A very basic estate plan would typically consist of the following legal documents: a “Living Trust”, a backup Will, a Durable Power of Attorney, an Advance Health Care Directive, and a HIPAA Release for each person. These legal documents are designed to be reviewed, modified and updated as circumstances change. Benchmarks for updating them might include: changes in family structure, such as births, deaths, divorces and marriages; changes in your finances or asset ownership; changes in your ability to manage your own affairs and/or the onset of incapacity; the need for long-term care; the disability of a spouse or child; and changes in tax law.
However, as much as we encourage clients to review and update their estate planning documents, too few actually take that advice. In fact, I have seen wills of deceased parents, prepared two or three decades earlier, which still refer to their children as minors, and others that mention only one child when the parents subsequently had more children.
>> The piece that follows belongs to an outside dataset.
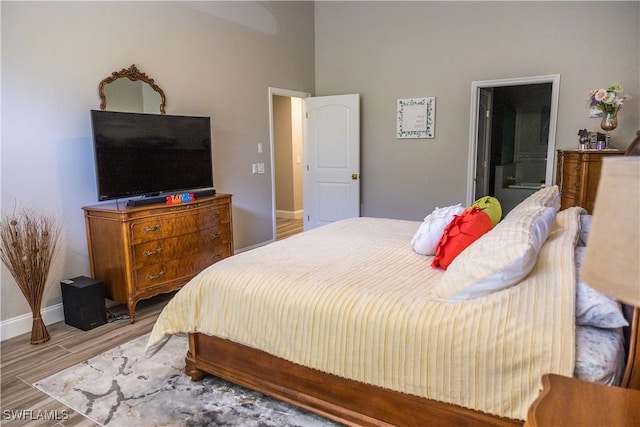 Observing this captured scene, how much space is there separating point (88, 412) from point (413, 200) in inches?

Outdated documents can sometimes be more problematic than none at all.
If it has been 10 years or so since you created your documents, you very likely have provisions in them which were designed with old tax law in mind, and which would now might make administration of your estate unduly cumbersome. Example: for married couples, it was common practice years ago, when the estate tax exemption was only $1 million per person or less, of requiring asset splits and sub trust funding at the first spouse’s death in order to minimize the estate tax bite for the survivor’s estate. Now, with the federal estate tax exemption increased to $11.4 Million per person (for persons dying in 2019), and the corresponding option for married couples to double that amount by making a timely election, the need for burdensome sub-trust funding is no longer necessary for most couples. If your 10 year-old plan falls into this category, you may wish to modify it by eliminating this sub-trust requirement and thereby make asset management easier for the survivor.
For those who have not created an estate plan, I would encourage them to do so. Sometimes setting a specific calendar deadline is helpful, such as by setting a goal of creating or updating your plan by March 31 of the New Year.
The New Year is a time for renewal. Let’s add getting your legal affairs in order to your other resolutions. Your elder law or estate planning attorney can assist you in crafting or updating your plan to meet your present circumstances.